> Task goal
Each line of the entries that mentions the string "APPEALS" needs to be reported.

START Data extract

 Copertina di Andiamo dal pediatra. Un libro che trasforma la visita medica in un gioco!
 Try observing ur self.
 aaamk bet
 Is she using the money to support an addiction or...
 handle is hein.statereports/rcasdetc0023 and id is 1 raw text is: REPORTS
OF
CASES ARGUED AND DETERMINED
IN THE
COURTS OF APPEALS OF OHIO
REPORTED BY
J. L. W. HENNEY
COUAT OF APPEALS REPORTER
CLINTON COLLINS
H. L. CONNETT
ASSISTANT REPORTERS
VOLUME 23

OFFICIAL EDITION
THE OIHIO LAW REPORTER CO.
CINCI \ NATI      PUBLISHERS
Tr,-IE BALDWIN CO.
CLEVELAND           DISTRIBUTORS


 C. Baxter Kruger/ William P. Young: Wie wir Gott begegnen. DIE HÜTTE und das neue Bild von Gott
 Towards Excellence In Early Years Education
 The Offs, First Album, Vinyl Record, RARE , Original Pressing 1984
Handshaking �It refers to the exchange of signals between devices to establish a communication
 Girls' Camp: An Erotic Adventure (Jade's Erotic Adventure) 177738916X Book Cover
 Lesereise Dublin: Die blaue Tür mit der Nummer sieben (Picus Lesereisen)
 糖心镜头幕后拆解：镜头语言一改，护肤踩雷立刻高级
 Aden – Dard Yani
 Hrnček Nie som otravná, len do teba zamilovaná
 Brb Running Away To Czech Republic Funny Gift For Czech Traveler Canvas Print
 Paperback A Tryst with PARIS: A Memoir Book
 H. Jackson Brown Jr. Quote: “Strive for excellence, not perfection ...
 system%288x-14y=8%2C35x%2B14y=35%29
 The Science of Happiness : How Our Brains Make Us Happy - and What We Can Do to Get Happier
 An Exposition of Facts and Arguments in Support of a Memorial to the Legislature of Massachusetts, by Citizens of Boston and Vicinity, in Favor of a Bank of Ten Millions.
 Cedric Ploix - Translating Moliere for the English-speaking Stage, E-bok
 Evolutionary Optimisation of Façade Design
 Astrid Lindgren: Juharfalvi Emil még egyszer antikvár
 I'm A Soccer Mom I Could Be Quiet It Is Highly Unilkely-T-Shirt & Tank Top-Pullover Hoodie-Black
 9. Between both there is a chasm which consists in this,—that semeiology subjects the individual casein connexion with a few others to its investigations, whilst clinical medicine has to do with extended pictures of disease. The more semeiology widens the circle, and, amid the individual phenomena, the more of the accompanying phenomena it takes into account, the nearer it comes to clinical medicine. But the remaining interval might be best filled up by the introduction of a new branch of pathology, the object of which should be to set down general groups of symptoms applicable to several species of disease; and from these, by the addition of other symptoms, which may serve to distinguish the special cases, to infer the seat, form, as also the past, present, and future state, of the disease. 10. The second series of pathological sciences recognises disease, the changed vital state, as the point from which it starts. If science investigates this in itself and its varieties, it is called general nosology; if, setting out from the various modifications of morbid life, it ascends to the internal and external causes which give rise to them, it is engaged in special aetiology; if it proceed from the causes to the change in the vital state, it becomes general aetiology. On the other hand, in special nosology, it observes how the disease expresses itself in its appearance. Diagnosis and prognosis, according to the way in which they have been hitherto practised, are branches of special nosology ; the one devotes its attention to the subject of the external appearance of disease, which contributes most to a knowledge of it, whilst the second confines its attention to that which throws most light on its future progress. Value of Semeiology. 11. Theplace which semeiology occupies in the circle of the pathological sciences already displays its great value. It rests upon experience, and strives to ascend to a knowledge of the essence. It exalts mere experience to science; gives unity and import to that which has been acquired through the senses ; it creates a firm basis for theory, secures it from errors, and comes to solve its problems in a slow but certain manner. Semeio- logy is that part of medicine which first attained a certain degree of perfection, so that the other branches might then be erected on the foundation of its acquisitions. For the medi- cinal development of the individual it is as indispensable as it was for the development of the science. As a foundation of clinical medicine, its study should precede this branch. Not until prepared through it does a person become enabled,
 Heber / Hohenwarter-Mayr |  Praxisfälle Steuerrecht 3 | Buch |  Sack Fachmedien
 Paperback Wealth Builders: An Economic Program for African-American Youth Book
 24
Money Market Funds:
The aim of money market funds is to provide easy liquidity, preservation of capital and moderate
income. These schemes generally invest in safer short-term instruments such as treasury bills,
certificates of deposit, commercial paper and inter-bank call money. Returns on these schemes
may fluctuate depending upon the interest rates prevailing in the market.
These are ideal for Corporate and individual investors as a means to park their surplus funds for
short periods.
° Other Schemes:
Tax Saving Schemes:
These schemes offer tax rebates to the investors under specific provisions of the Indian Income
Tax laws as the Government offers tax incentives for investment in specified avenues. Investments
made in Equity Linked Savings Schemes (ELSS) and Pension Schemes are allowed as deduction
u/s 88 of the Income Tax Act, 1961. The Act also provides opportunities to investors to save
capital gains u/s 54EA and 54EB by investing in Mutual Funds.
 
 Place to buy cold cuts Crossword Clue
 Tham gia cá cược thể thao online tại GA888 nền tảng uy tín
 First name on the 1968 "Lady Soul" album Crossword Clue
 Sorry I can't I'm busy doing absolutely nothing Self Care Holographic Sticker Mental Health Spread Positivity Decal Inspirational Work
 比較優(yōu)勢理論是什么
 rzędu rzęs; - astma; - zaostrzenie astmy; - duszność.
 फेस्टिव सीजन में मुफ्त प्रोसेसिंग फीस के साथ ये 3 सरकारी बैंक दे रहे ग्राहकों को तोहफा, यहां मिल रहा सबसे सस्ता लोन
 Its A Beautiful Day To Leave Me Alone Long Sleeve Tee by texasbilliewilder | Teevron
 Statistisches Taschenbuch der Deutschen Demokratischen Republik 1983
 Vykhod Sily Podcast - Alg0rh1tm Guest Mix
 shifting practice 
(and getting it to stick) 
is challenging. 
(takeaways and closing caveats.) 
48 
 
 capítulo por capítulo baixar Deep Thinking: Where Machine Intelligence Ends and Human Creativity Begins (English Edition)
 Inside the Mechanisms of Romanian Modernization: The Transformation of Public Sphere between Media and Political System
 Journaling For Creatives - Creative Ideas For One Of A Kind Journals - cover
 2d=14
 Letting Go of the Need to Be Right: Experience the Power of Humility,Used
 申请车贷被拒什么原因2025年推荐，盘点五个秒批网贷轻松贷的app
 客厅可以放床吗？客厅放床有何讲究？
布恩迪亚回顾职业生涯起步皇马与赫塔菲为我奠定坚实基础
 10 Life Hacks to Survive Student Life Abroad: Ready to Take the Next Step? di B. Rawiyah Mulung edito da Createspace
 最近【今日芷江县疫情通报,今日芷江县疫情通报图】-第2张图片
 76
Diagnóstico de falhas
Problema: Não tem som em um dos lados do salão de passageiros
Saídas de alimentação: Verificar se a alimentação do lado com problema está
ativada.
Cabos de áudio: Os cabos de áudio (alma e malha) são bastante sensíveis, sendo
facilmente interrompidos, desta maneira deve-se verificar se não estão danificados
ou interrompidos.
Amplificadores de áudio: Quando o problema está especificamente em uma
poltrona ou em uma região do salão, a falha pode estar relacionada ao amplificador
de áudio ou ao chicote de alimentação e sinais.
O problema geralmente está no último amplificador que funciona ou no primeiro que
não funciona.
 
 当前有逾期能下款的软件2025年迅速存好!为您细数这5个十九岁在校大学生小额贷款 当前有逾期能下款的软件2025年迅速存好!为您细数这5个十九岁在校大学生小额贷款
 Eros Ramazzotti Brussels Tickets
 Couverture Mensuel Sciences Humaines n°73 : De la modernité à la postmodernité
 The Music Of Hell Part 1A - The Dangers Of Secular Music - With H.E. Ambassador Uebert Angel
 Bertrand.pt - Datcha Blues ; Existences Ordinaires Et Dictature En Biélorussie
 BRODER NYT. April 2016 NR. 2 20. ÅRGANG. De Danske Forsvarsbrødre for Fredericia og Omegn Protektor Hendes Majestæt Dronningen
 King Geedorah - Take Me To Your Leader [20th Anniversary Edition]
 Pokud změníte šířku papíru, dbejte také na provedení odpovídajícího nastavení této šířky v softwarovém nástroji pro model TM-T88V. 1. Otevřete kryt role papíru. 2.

END Data extract

> Answer
COURTS OF APPEALS OF OHIO
COUAT OF APPEALS REPORTER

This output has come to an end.